Understanding Keyword Bid Management
According to some experts, online marketers will spend more than $7 billion on PPC campaigns by year 2010. This means that PPC campaigns are going to become more competitive and more expensive in the very near future. To help you compete, you’ll need to monitor and manage your keywords very closely. Bid management is the method by which you control the amount spent on keywords. There are two methods for bid management: manual bid management and automated bid management.
Manual bid management
Manual bid management is bid management that you conduct on your own. To manually manage your PPC bids, you must keep up with what your competition is doing, track your conversions, test and monitor the performance of existing and new keywords, watch your PPC campaigns for fraud, and make changes to all campaigns when necessary. And if you happen to be running PPC campaigns with more than one PPC provider, you must do all that for every group of PPC ads you’re running. It’s a very time-consuming process.
That fact is enough to make some people opt for using automated bid management software or services. But even with automated bid management, there are a few strategies that you’ll need to manage on your own:
■Don’t obsess over the number one slot. It’s contradictory to what you would expect, but you don’t really need to be number one. Nor can you afford to be number one in most cases. The number one slots are usually snatched up by large companies that are using PPC to boost their sales. And they often have seemingly unlimited budgets to spend on their PPC efforts. That means if you’re fighting for the number one slot, you’re likely to spend so much on that spot that your PPC campaign will be pointless.
Another reason to avoid the number one slot is that most people don’t trust the first ad or search result on which they click. Many people will click through several ads before they make a purchase, provide information that generates a lead, sign up for a newsletter, or whatever else it is that you’re hoping to entice them to do. Having your ad or search result a little further down than number one-say number three or four-will result in great savings and will probably be just as effective, if not more so, than if you were paying for the number one slot.

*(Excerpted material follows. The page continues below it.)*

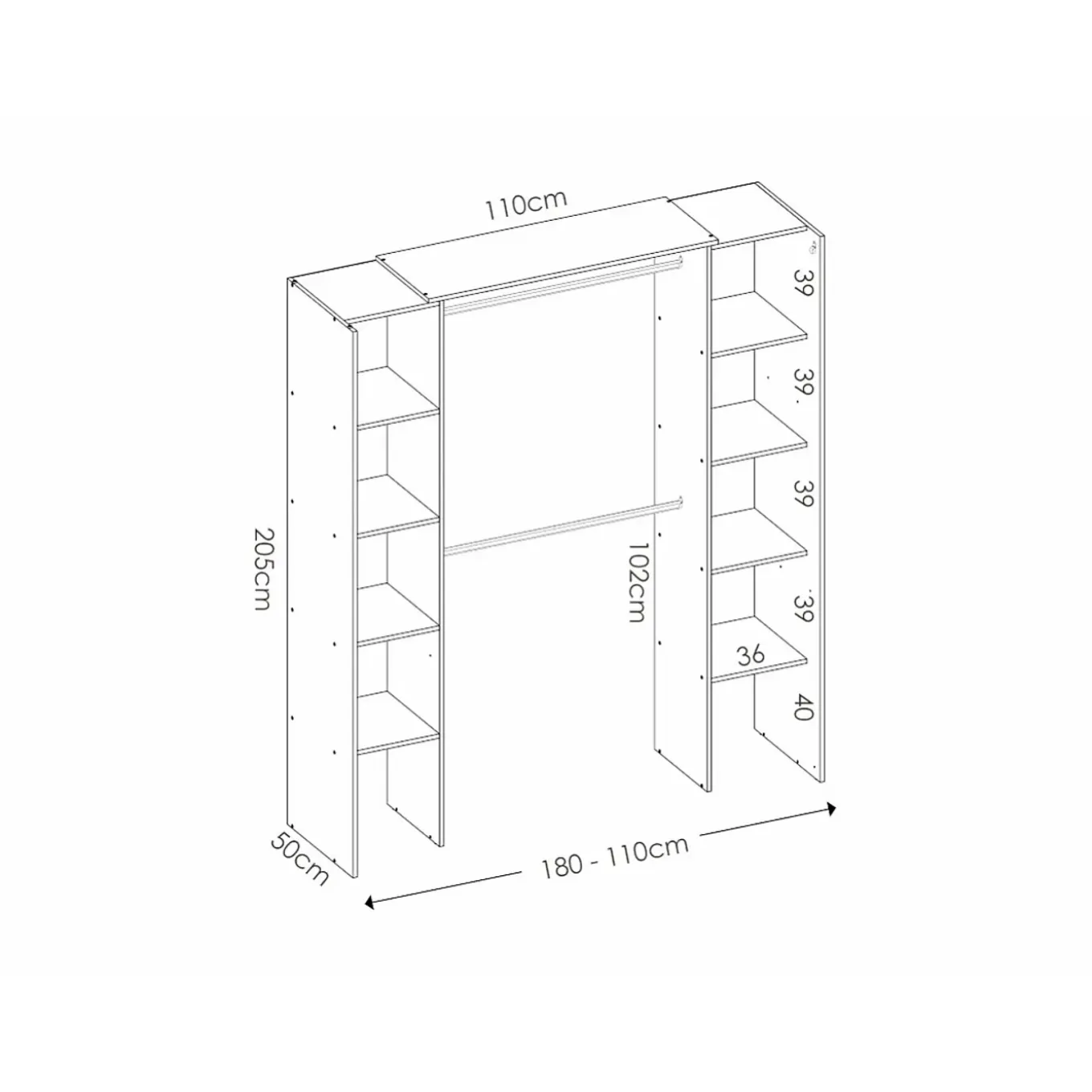 Vente-unique Open Kledingkast Dorian Grijs - L 110cm X B 50cm X H 205cm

■ Select keywords for the stages in the buying process that you’re targeting. Manual bid management is often about choosing the right keywords. If you can define various steps in the purchase process then you can target each step in a different way, investing less in the research stage and more in the final purchasing stage. If you’re not selling products, there may still be stages in which you can invest, and determining which of those stages is most valuable to you will help you decide how to best spend your PPC budget.
■ Delete duplicate words from your keyword lists. Many organizations have several dif- ferent keyword lists for different departments or different stages. And often a keyword will apply on several of those lists. But you shouldn’t include a keyword on more than one list for your organization. If you do, you’ll be bidding against yourself for placement.
■ Set aside time each day to monitor your keywords and PPC campaigns. Even if you’re using a bid management application or software, hands-on management will still be required. You’ll need to monitor and make decisions for the application or software. Usually an hour or two a day is enough.
Manual bid management isn’t nearly as effective or as realistic as having an automated bid man- agement solution, unless you only have a few keywords to monitor. If you’re like most companies, though, you have dozens and even hundreds of keywords to stay on top of, and handling all of those keywords and PPC campaigns manually could be so time-consuming that it’s all you would ever do.